A Vision Beyond Reach: A Century of Images of Canadian Destiny
Description
Contains Bibliography, Index
$14.95
ISBN 0-88879-047-3
Author
Publisher
Year
Contributor
Gerald J. Stortz is an assistant professor of history at St. Jerome’s
College, University of Waterloo.
Review
Joseph Levitt, who teaches history at the University of Ottawa, is best known for his extensive work on the career of Henri Bourassa. A Vision Beyond Reach, which grew out of the Bourassa material, is a much more ambitious project. This is a study of what Canada was and, perhaps more importantly, what it could be. Many of those whose ideas are examined — such as Donald Creighton, W.L. Morton, and J.W. Dafoe — have already been well served by others who have studied their work; yet their inclusion here is not merely redundant, for Levitt places them with more obscure and in some cases long-forgotten contemporaries. Others have simply been ignored by historiographers. A prime example is one of the most prolific authors and commentators of the late nineteenth and early twentieth centuries, John Castell Hopkins.

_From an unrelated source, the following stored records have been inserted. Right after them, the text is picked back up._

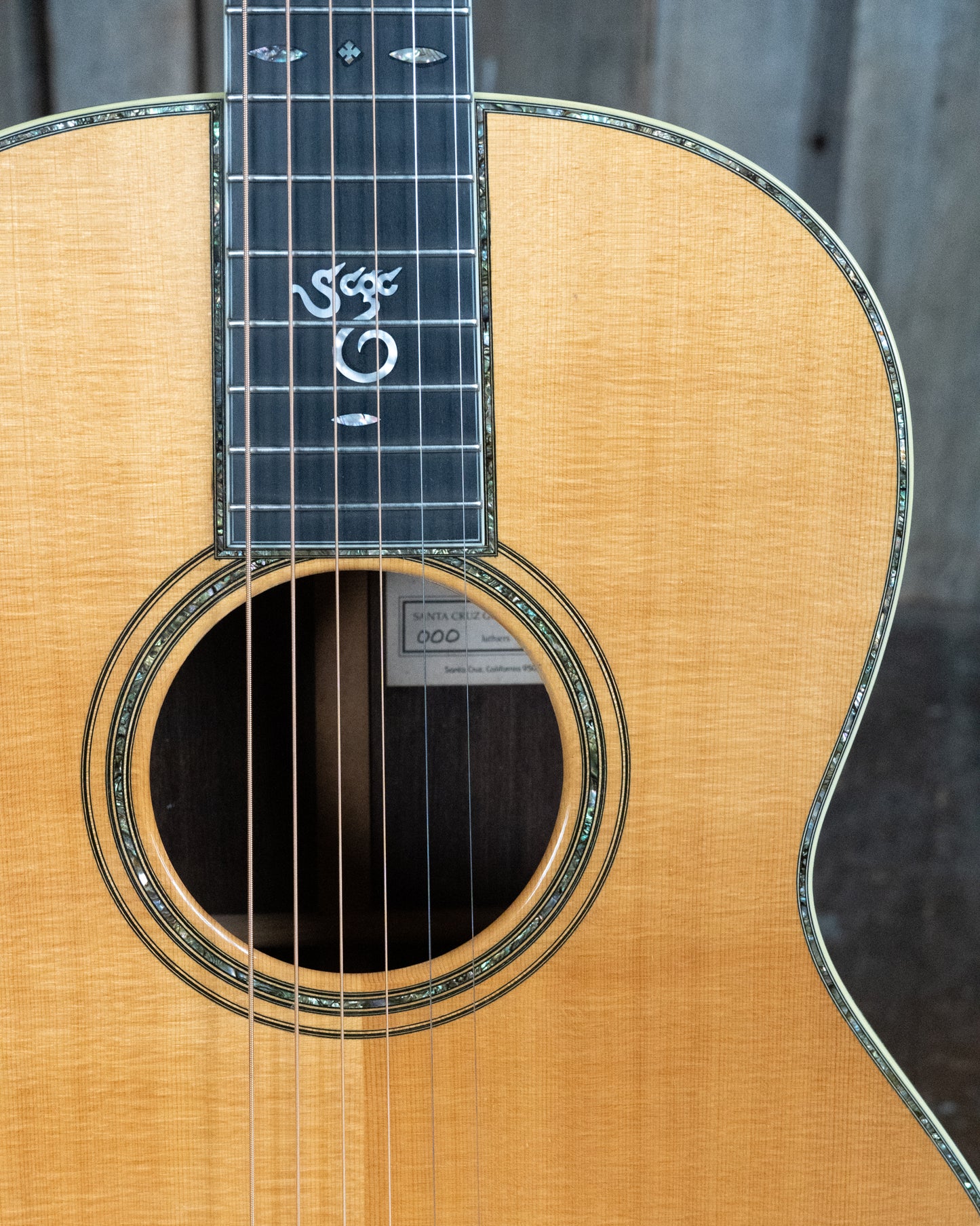 Showroom photo of Santa Cruz 000-42 Brazilian Acoustic Guitar (2003)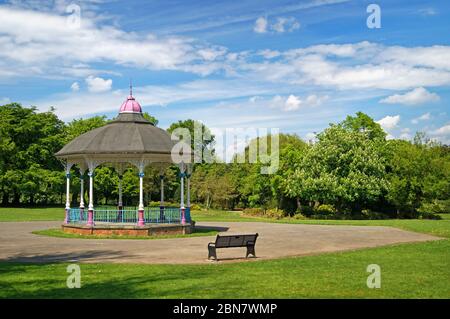 Großbritannien, South Yorkshire, Barnsley, Locke Park Bandstand Stockfoto
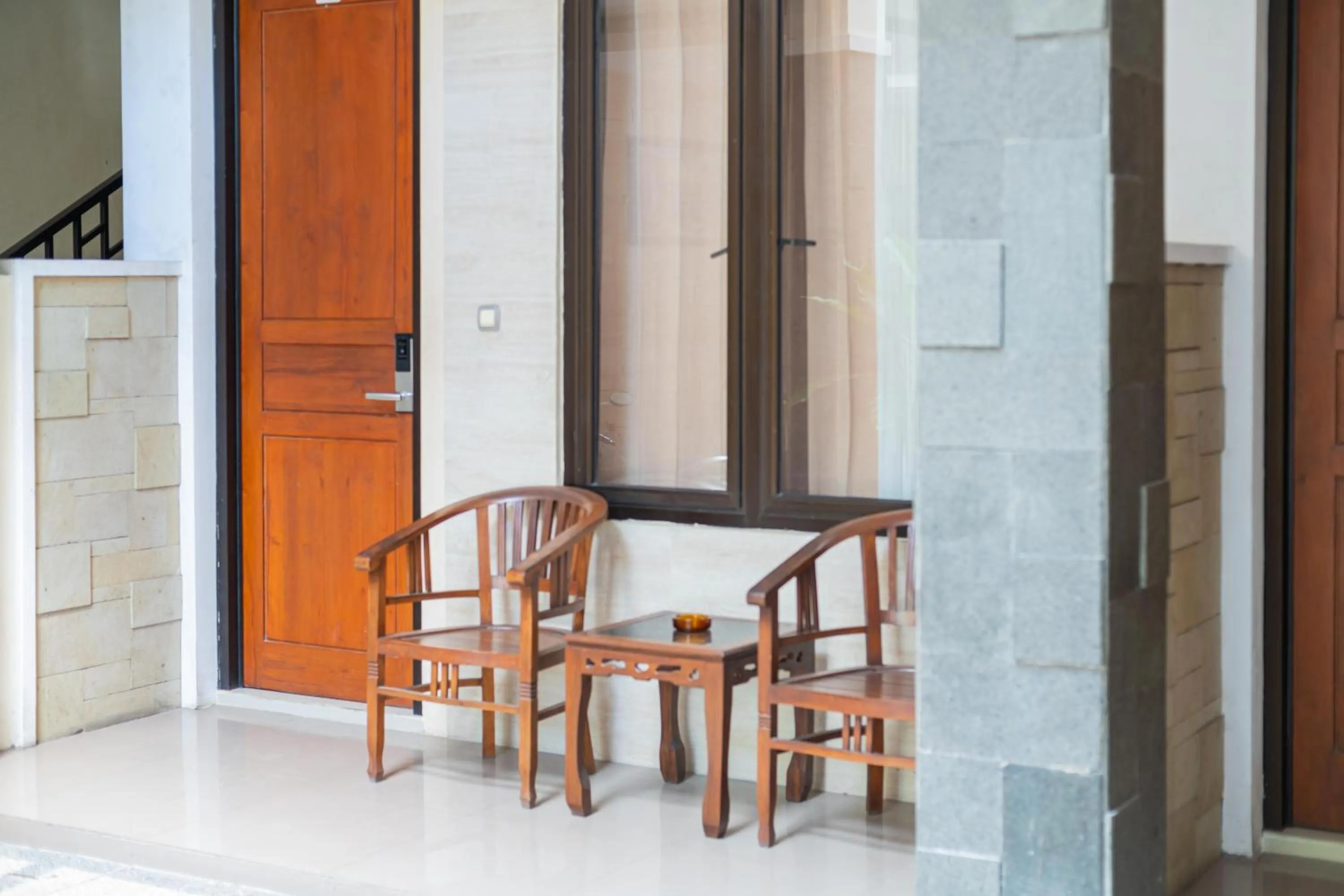 Patio in RedDoorz Plus Syariah @ Jalan Dokter Wahidin Bojonegoro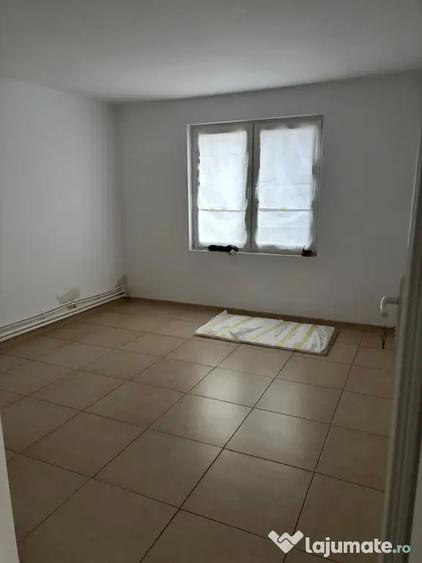 Casă cu 5 camere în Central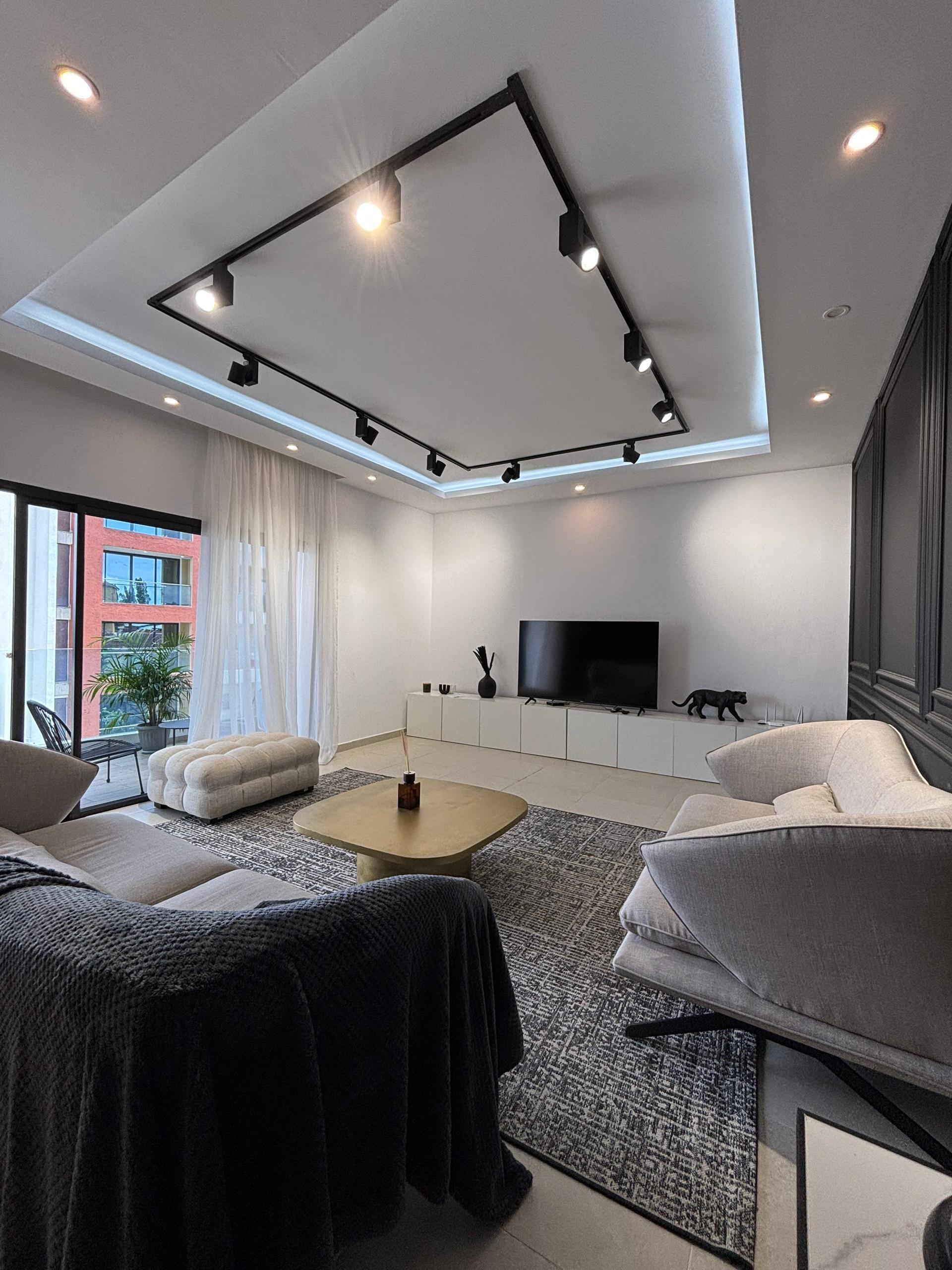 APPARTEMENT OFFWHHITE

As Levitt notes in his introduction, the material would have lent itself admirably to a collection of essays on these individuals. He has, however, chosen to do something quite different. The division comes not by personality but by overriding attitude. Eras are described as “colonial, imperial, uncertain,” etc. The result is admirable as one gets a real sense of how Canadians thought of themselves at various times in their history.
For Canadian historians this is a most useful book and one that will undoubtedly soon appear on course outlines as a complement to Carl Berger’s The Writing of Canadian History (University of Toronto Press, 1976) and some of the newer works on Quebec historians. It is not, however, a work that is likely to have mass appeal. This is in many ways unfortunate, for Professor Levitt has provided information that is relevant to all those who seek an explanation of why Canadians think the way they do.